## [EXERCISE]
Repeat the whole listing exactly, leaving nothing out.

## [SOURCE DATA]
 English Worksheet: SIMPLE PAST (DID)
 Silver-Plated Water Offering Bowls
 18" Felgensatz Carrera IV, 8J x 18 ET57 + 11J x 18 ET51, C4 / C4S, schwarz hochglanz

## [ANSWER TO THIS PROBLEM]
 English Worksheet: SIMPLE PAST (DID)
 Silver-Plated Water Offering Bowls
 18" Felgensatz Carrera IV, 8J x 18 ET57 + 11J x 18 ET51, C4 / C4S, schwarz hochglanz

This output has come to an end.